▶ [WHAT THE TASK ASKS]
Leave every picture out, then reproduce the rest of the listing exactly.

▶ [DATA BELOW]
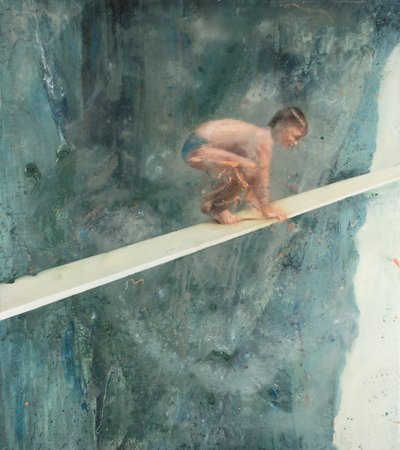 Bambino a bordo, 2017 (olio su tela) da Nicola Pucci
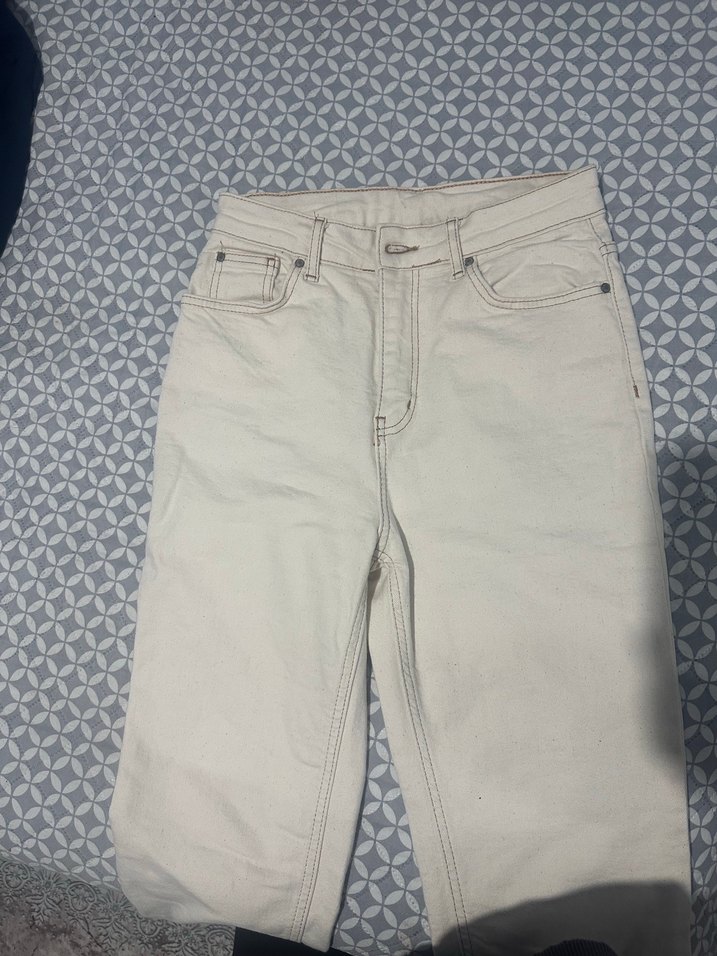 Ekru Pamuklu Kadın momjeans - Görsel 3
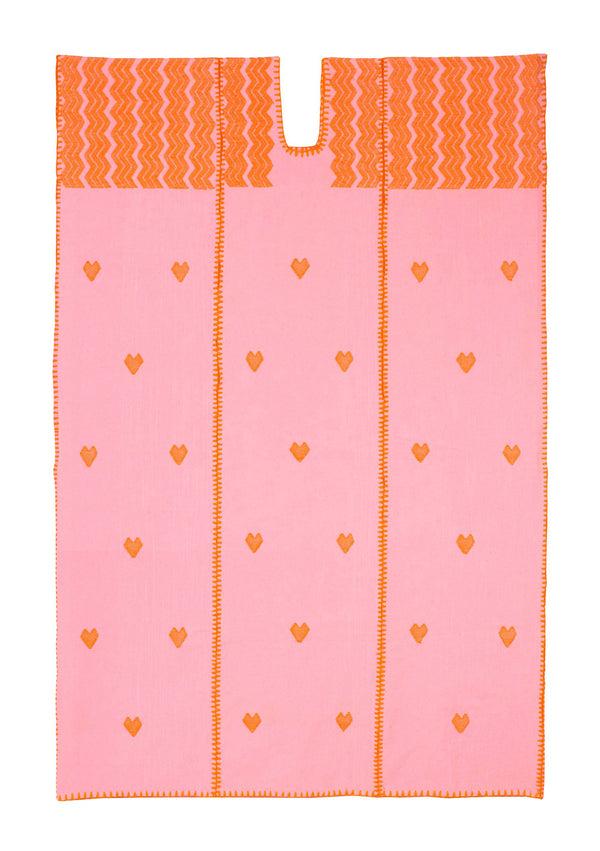 pippa holt Kaftan No.495 Three panel midi kaftan in pink with orange heart design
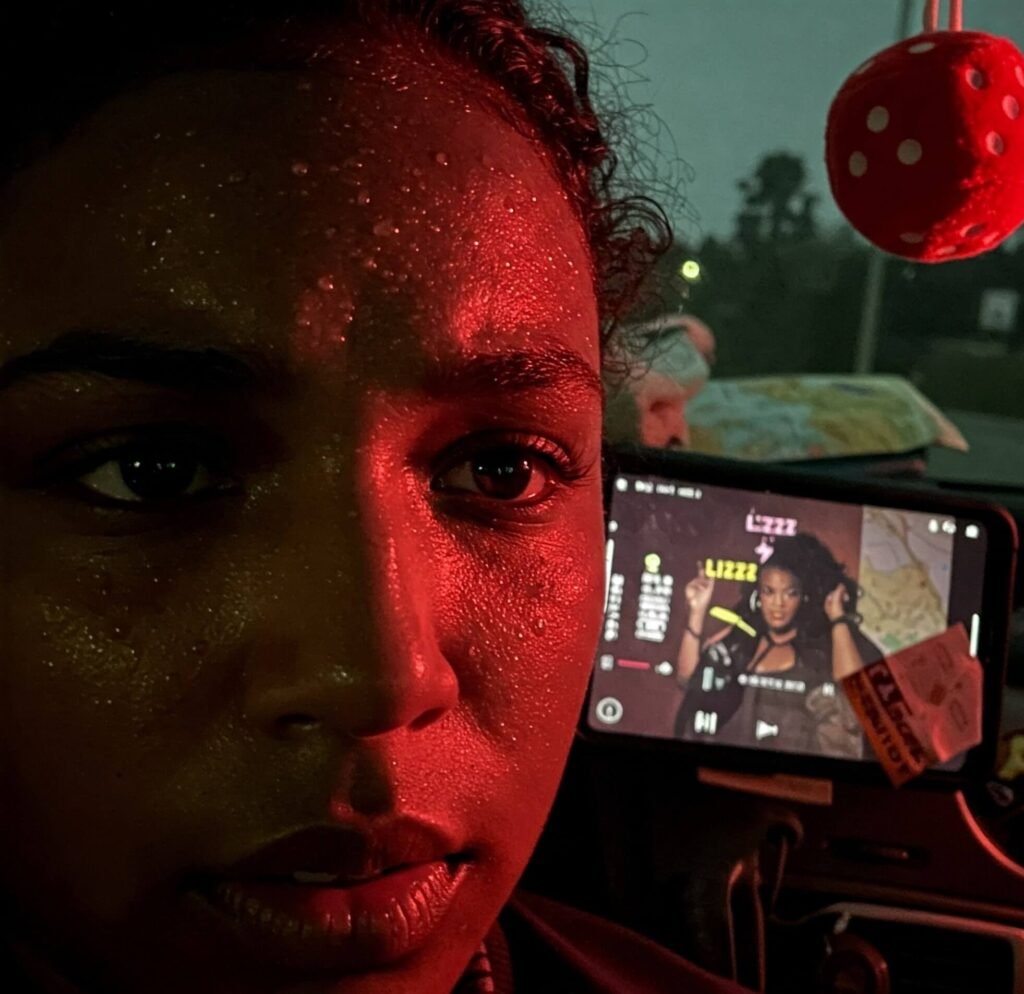 Traffic jam selfie with Lizzo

▶ [ANSWER BELOW]
 Bambino a bordo, 2017 (olio su tela) da Nicola Pucci
 Ekru Pamuklu Kadın momjeans - Görsel 3
 pippa holt Kaftan No.495 Three panel midi kaftan in pink with orange heart design
 Traffic jam selfie with Lizzo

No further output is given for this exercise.